Die SG Züri Obersee startete gegen das Tabellenschlusslicht aus Emmen furios und führte bereits nach drei Minuten mit 4:1. Die ersten Abschlüsse sassen konsequent, das Team zeigte viel Spielfreude. Doch nach dem starken Beginn schlichen sich zunehmend Ungenauigkeiten und Ballverluste ein.

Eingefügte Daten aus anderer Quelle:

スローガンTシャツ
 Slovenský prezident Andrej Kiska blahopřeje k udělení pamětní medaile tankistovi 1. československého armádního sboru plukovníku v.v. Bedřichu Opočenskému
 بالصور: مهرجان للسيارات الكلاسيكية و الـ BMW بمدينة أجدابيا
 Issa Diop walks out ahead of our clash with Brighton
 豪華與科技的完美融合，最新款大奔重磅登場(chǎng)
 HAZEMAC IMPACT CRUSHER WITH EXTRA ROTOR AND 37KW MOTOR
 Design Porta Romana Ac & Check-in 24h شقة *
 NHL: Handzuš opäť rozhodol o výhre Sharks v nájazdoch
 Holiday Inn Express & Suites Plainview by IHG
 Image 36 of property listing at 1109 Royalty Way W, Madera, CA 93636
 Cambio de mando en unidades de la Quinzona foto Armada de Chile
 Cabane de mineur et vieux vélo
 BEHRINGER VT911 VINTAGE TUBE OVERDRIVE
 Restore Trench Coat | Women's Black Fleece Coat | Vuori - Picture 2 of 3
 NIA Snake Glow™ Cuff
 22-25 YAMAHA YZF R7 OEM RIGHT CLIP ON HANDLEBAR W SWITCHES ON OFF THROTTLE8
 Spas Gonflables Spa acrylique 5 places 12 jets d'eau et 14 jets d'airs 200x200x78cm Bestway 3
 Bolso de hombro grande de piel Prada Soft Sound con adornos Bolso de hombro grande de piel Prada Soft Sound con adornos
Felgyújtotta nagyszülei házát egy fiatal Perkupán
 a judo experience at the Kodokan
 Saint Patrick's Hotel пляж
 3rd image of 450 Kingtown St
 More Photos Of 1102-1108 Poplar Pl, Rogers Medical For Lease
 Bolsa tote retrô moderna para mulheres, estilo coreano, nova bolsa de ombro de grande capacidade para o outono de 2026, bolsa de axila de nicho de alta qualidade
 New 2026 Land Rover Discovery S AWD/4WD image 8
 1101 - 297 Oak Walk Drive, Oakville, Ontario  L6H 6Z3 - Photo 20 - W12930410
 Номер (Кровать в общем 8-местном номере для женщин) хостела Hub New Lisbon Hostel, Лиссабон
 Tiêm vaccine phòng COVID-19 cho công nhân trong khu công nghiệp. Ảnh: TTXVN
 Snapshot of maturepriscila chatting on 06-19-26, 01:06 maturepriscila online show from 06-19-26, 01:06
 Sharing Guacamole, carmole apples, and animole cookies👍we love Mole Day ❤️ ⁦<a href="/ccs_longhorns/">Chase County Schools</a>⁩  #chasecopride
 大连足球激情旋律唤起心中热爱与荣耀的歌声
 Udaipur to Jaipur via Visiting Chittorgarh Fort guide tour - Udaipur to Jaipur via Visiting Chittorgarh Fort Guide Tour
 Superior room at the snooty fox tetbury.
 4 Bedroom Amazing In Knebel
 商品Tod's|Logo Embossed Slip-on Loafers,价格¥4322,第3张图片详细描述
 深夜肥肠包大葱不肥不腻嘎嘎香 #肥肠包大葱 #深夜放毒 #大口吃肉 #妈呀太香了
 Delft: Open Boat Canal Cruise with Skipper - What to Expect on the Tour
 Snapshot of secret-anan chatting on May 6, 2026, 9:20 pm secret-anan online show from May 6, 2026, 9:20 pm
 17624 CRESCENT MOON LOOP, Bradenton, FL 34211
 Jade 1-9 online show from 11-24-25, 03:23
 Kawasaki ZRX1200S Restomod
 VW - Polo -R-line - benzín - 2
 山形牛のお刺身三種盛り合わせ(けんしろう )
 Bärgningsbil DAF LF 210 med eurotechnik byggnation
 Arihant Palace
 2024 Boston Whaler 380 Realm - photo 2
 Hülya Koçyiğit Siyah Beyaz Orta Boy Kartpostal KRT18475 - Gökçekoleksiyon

Goalie Alina hielt ihr Team mit mehreren starken Paraden im Spiel, als die Abschlussqualität nachliess und sich Unkonzentriertheiten einschlichen. Nach knapp neun Minuten nahm Coach Schubert beim Stand von nur noch einem Tor Vorsprung ein Timeout. Ihre Botschaft: Back to basics – ruhiger Spielaufbau und Konzentration auf die Grundlagen.
Dennoch gelang Emmen der Ausgleich. Kurz darauf übernahmen die Gastgeberinnen die Führung und bauten diese rasch auf vier Tore aus. Vor allem defensiv bekundete die SG Mühe mit den schnellen, wendigen Emmenerinnen und ihren gut abgestimmten Spielzügen.
Auch in der Offensive fand Züri Obersee zu selten Lösungen gegen die kompakte Abwehr, die die Mitte konsequent zustellte. Die oft freistehenden Flügel konnten zu wenig ins Spiel einbezogen werden. Dennoch blieb die SG im Angriff dran und ging mit einem 18:15-Rückstand in die Halbzeitpause.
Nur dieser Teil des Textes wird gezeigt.